→ YOUR INSTRUCTIONS
Skip the pictures and copy all the data that follows exactly.

→ SUPPLIED MATERIAL
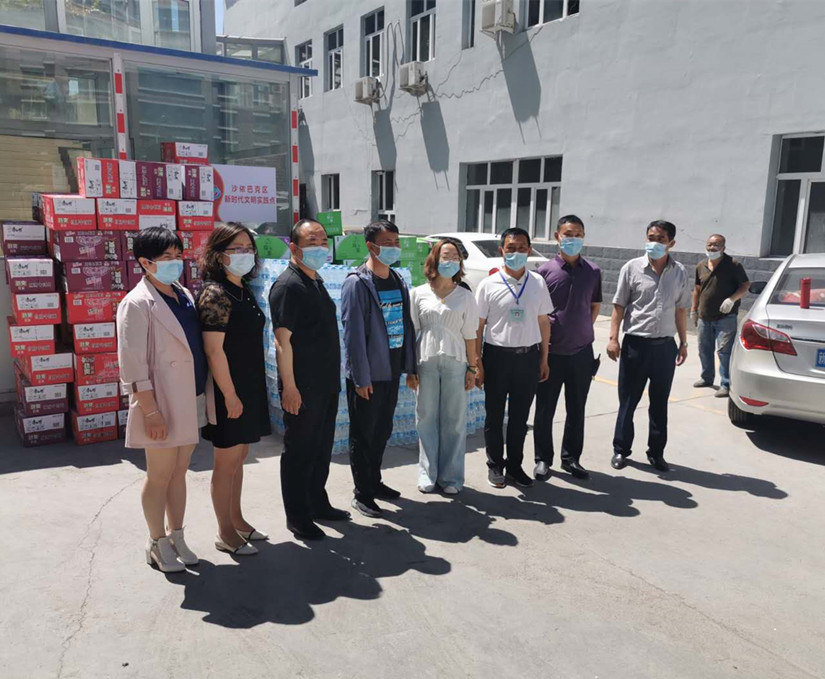 图为：北园春市场领导为环卫工人送慰问品_副本.jpg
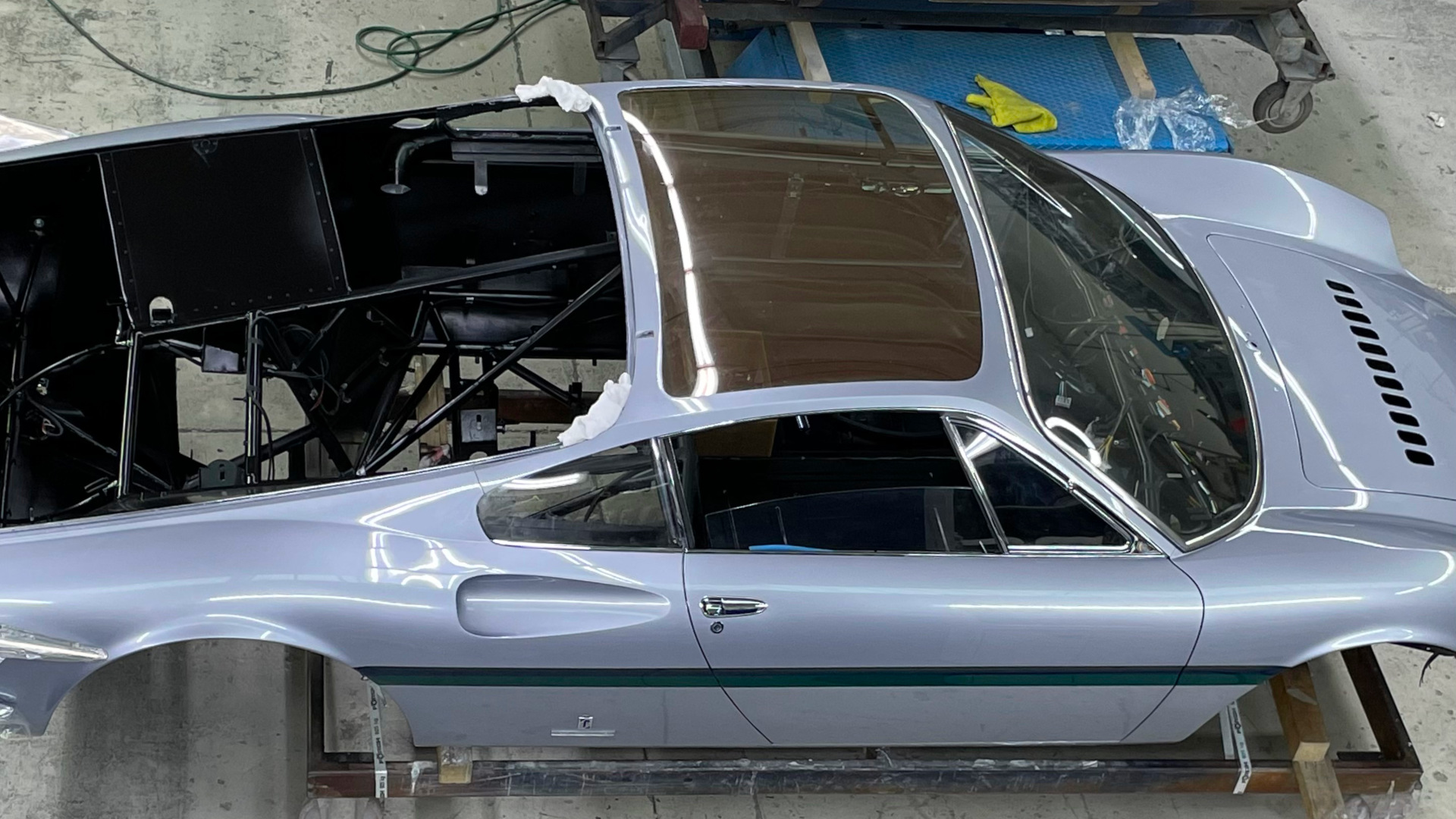 Verniciatura Ferrari 365 P Berlinetta Speciale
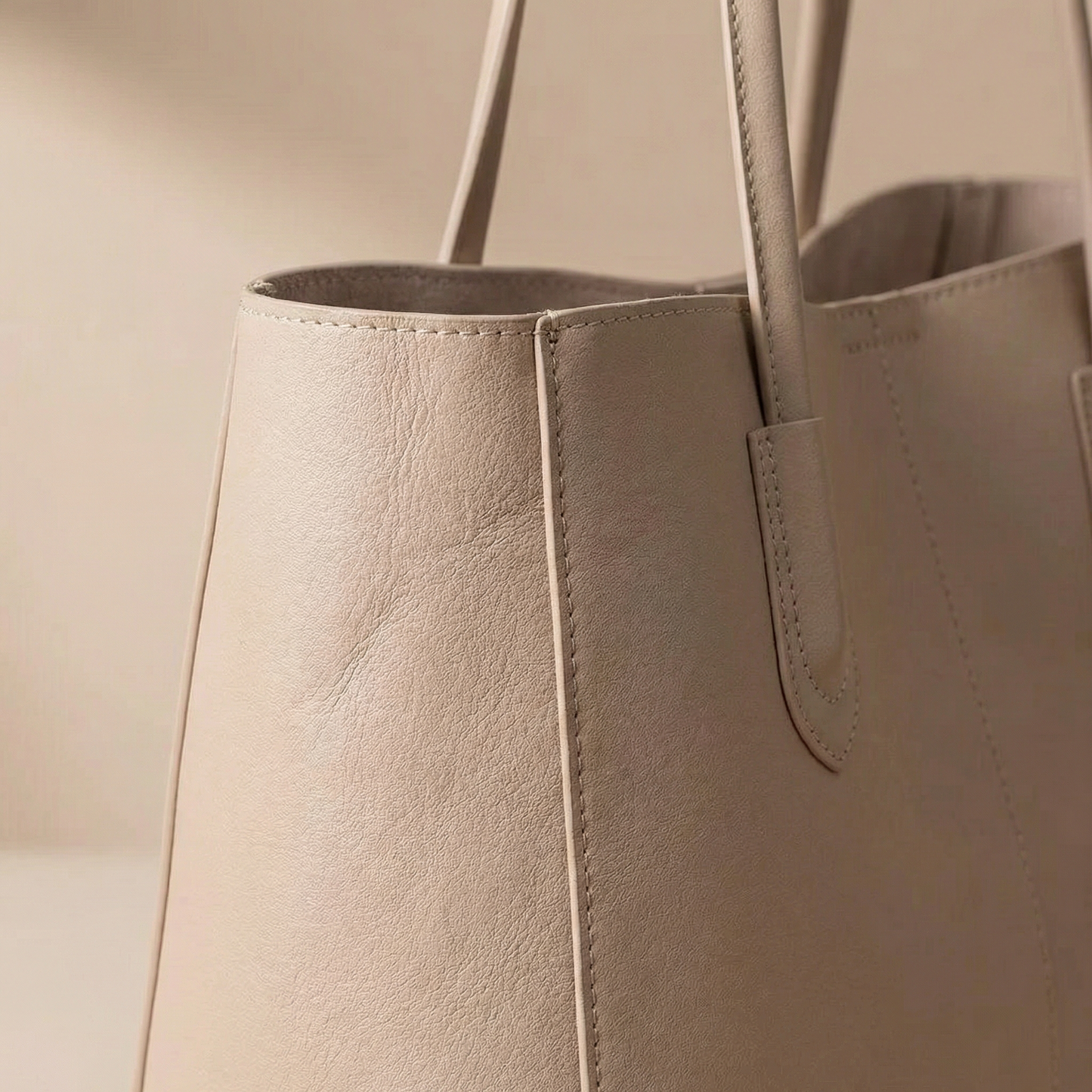 Model 05: THE LINE - Structured Tote (Khaki)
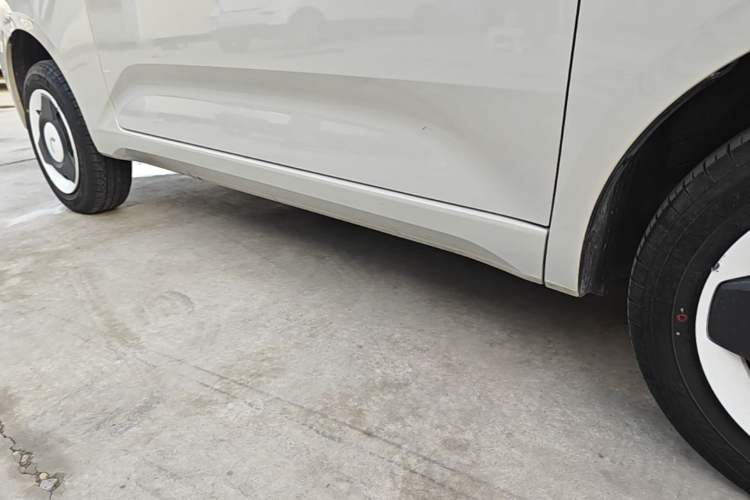 Used Wuling Hongguang MINIEV 2024 3rd Generation 215km Youth Edition Right Side Sill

→ RESULT BELOW
 图为：北园春市场领导为环卫工人送慰问品_副本.jpg
 Verniciatura Ferrari 365 P Berlinetta Speciale
 Model 05: THE LINE - Structured Tote (Khaki)
 Used Wuling Hongguang MINIEV 2024 3rd Generation 215km Youth Edition Right Side Sill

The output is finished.